Spark SQL enables Spark to perform efficient and fault-tolerant relational query processing with analytics database technologies. The relational queries are compiled to the executable physical plans consisting of transformations and actions on RDDs with the generated Java code. The code is compiled to Java bytecode, executed at runtime by JVM and optimized by JIT to native machine code at runtime. This talk will take a deep dive into Spark SQL execution engine. The talk includes pipelined execution, whole-stage code generation, UDF execution, memory management, vectorized readers, lineage based RDD transformation and action.

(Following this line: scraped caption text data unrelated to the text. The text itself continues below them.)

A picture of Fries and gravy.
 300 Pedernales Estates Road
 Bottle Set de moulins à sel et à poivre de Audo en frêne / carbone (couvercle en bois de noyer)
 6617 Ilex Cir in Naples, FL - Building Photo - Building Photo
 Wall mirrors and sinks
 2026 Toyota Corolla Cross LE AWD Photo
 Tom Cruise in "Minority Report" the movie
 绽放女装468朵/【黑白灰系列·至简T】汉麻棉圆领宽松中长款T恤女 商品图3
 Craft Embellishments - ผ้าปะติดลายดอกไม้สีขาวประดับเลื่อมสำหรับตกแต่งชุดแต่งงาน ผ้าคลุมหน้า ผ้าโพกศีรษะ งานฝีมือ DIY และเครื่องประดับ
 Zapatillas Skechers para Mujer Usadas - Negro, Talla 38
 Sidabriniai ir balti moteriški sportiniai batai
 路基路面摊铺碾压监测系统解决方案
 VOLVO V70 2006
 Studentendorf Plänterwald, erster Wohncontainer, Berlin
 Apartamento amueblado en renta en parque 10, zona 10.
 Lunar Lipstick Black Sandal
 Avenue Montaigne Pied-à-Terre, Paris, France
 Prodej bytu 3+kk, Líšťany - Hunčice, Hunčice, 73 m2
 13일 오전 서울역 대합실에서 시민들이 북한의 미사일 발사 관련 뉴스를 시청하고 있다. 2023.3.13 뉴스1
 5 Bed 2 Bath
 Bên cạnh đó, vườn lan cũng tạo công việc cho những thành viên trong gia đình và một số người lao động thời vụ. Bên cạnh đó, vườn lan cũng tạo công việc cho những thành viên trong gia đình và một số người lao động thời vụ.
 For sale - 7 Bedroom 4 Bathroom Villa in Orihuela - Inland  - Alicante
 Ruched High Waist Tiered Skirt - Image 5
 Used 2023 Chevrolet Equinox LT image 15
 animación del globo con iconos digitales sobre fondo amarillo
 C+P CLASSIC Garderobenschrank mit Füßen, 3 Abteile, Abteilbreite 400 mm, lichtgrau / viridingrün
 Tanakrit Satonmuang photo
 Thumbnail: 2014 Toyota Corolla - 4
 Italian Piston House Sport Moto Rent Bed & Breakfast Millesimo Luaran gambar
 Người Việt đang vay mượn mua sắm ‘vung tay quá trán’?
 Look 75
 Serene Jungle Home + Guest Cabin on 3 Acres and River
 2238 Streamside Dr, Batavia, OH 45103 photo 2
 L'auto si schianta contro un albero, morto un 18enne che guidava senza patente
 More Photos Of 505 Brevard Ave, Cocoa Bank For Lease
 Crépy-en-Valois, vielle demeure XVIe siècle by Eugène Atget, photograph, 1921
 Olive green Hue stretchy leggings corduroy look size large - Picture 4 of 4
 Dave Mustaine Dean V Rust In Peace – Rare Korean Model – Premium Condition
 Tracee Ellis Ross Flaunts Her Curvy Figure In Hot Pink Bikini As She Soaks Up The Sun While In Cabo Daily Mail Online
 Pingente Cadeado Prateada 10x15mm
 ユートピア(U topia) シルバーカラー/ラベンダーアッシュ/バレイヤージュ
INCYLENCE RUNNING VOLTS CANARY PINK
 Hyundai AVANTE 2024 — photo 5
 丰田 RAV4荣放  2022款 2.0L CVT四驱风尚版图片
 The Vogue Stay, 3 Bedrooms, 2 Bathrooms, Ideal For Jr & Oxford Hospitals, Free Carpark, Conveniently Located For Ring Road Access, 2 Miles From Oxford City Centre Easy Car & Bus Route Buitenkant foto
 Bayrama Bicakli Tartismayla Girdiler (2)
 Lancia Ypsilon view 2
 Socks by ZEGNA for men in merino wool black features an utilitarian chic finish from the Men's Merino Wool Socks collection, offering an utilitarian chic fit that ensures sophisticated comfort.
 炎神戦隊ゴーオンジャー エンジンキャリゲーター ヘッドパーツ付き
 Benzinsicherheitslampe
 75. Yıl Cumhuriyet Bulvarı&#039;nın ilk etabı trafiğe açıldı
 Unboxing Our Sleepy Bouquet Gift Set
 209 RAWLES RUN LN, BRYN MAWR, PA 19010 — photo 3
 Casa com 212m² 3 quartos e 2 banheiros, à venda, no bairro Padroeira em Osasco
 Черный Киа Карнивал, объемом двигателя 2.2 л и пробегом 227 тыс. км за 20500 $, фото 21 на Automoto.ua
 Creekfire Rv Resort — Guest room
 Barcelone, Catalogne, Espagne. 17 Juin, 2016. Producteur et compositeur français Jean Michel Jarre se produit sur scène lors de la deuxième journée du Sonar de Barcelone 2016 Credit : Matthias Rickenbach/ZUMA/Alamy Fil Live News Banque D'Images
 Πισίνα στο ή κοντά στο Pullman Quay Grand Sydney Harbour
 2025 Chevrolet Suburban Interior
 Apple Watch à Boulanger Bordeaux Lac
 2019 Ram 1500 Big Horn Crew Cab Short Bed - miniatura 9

Maryann Xue is a software engineer at Databricks, committer and PMC member of Apache Calcite and Apache Phoenix. Previously, she worked on a number of big data and compiler projects at Intel.
Kris Mok is a software engineer at Databricks. He works on various components of Spark SQL, with interest on optimizer and code generation. Previously, he worked on JVM implementations, including OpenJDK HotSpot VM at Alibaba and Oracle and Zing VM at Azul, and had broad interest in programming language design and implementation.
Xingbo Jiang is a software engineer at Databricks, where he investigates the use cases on Spark Core and Spark SQL. Xingbo is an active contributor to Apache Spark. His areas of interest include distributed system, database, and data warehouse.